Please repeat exactly the lines from the one containing "Snap 2017.07.05 17.04.16 012.jpg" through the last line of the records below, both included, and leave out any pictures.

:: Information provided ::

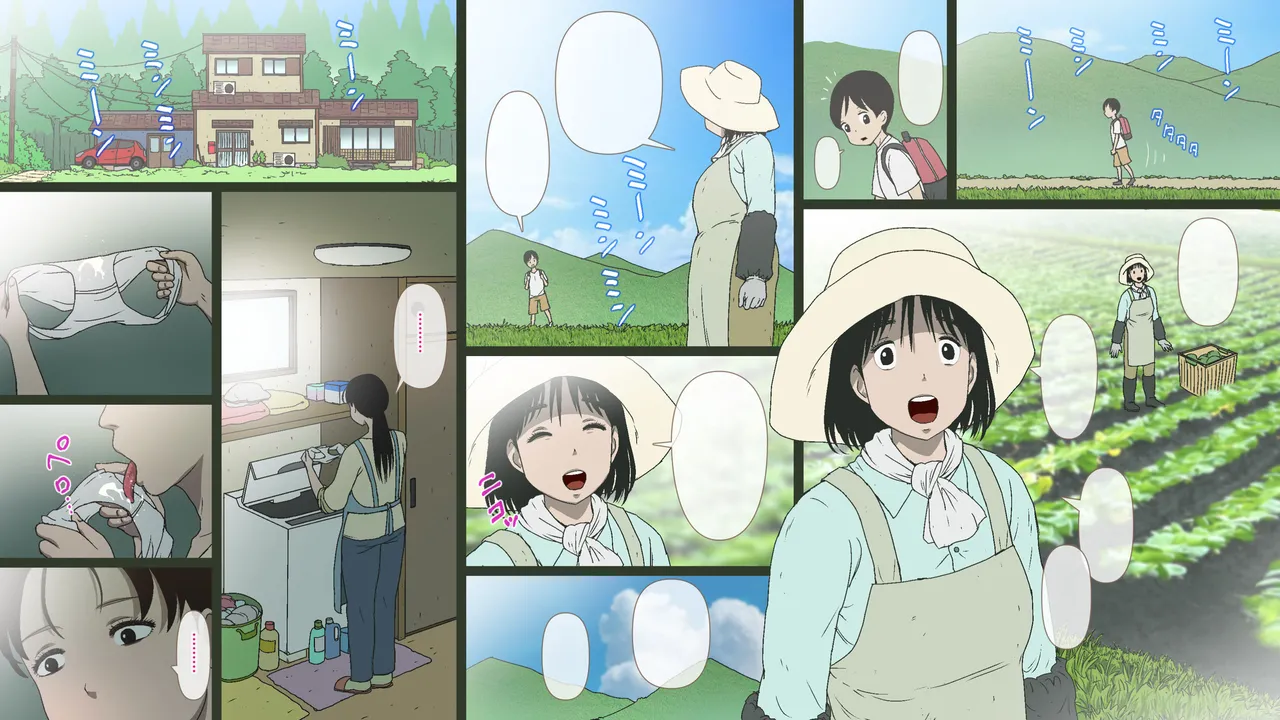 とある村落の奇妙な儀式 Page.3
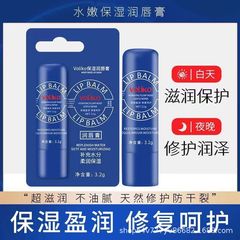 Volikoの規格品の青い瓶の缶はリップクリームを潤します。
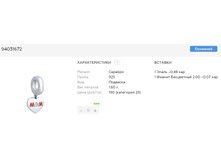 Snap 2017.07.05 17.04.16 012.jpg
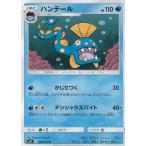 Yahoo! Yahoo!ショッピング(ヤフー ショッピング)ポケモンカード SM7 028/096 ハンテール（アンコモン） 拡張パック 裂空のカリスマ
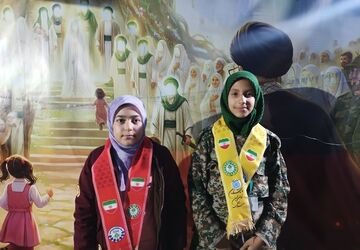 بوم‌بوم تل‌آویو در دستان پیشتازان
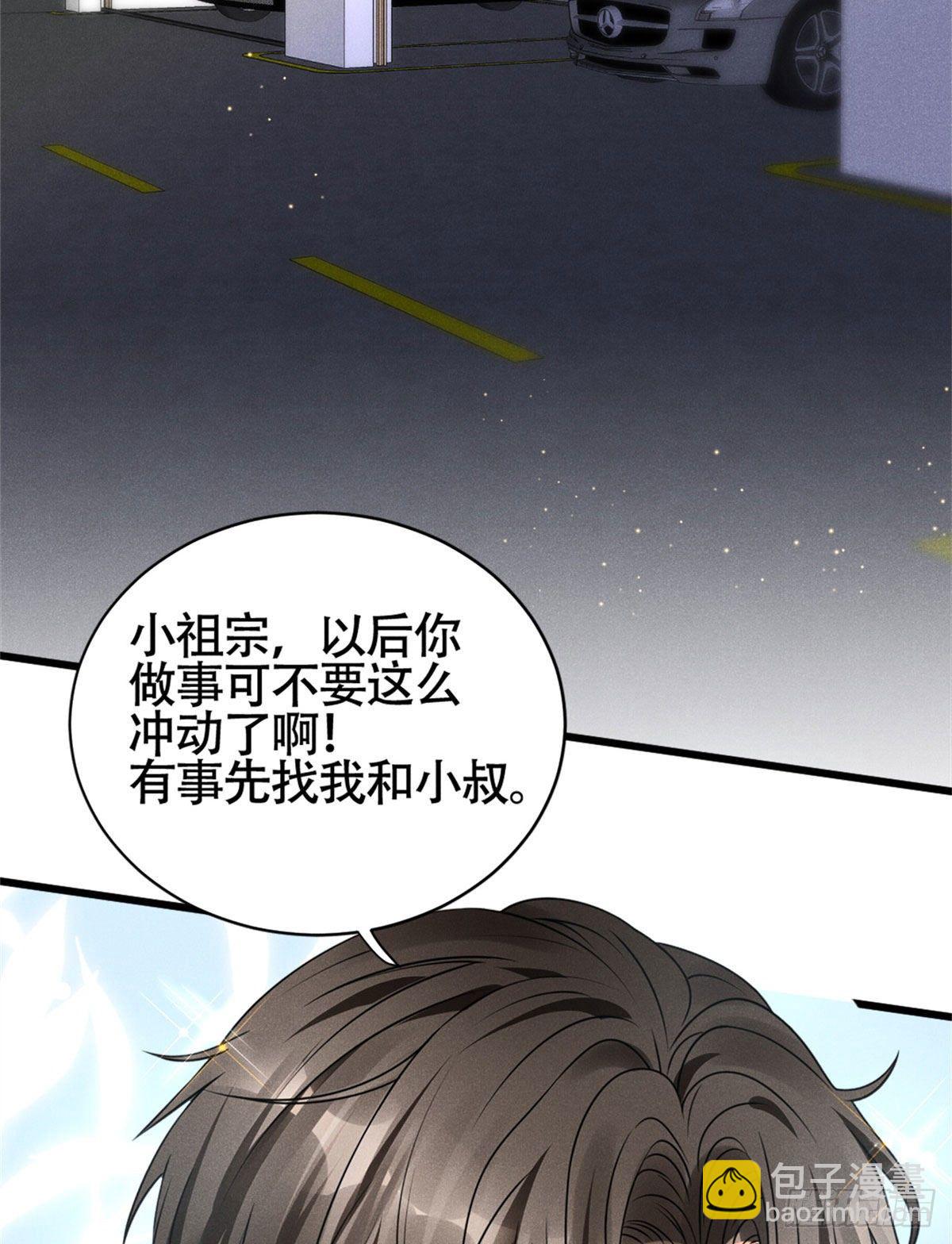 17 沐橙滚出娱乐圈(1/2)-第19话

:::

## Exercise solution
 Snap 2017.07.05 17.04.16 012.jpg
 Yahoo! Yahoo!ショッピング(ヤフー ショッピング)ポケモンカード SM7 028/096 ハンテール（アンコモン） 拡張パック 裂空のカリスマ
 بوم‌بوم تل‌آویو در دستان پیشتازان
 17 沐橙滚出娱乐圈(1/2)-第19话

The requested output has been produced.